Task item | All pictures are to be dropped, and everything else in the data duplicated exactly.

Material provided |
————————

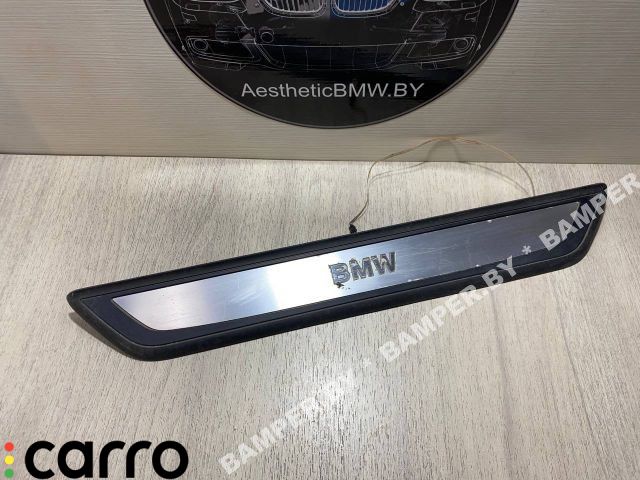 накладка на порог внутренняя BMW 7 серия F01/F02 2009, 4.4 л., бензин, АКПП, седан, 51477181011, 51477181015, 7181011, 7181015 - фото №1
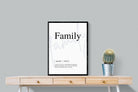 Familia-Wall_Art-60 x 80cm-Mounted Canvas-Black-Pixalot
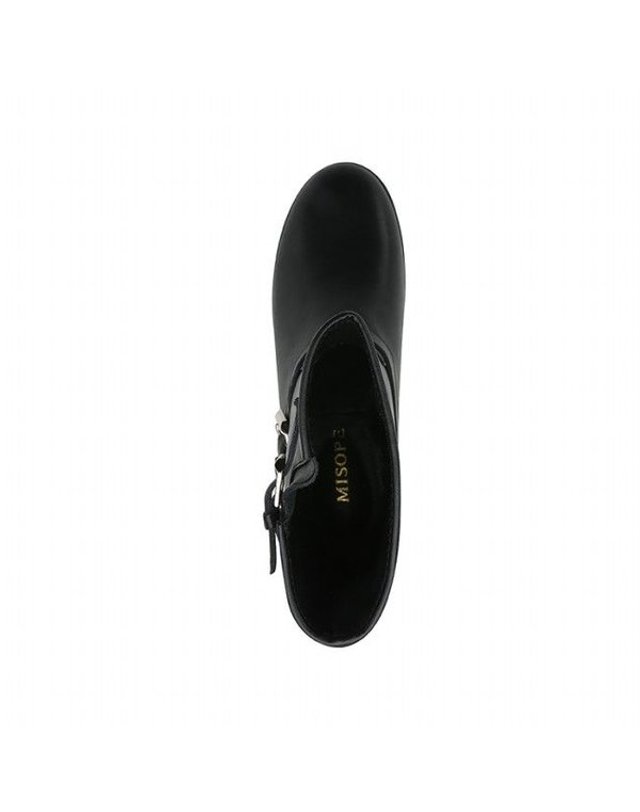 미소페 [갤러리아] 여성 소가죽 하프 앵클 부츠 (3.5CM) 012346725 C-1B012346725 C 착용컷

————————

Exercise solution |
 накладка на порог внутренняя BMW 7 серия F01/F02 2009, 4.4 л., бензин, АКПП, седан, 51477181011, 51477181015, 7181011, 7181015 - фото №1
 Familia-Wall_Art-60 x 80cm-Mounted Canvas-Black-Pixalot
 미소페 [갤러리아] 여성 소가죽 하프 앵클 부츠 (3.5CM) 012346725 C-1B012346725 C 착용컷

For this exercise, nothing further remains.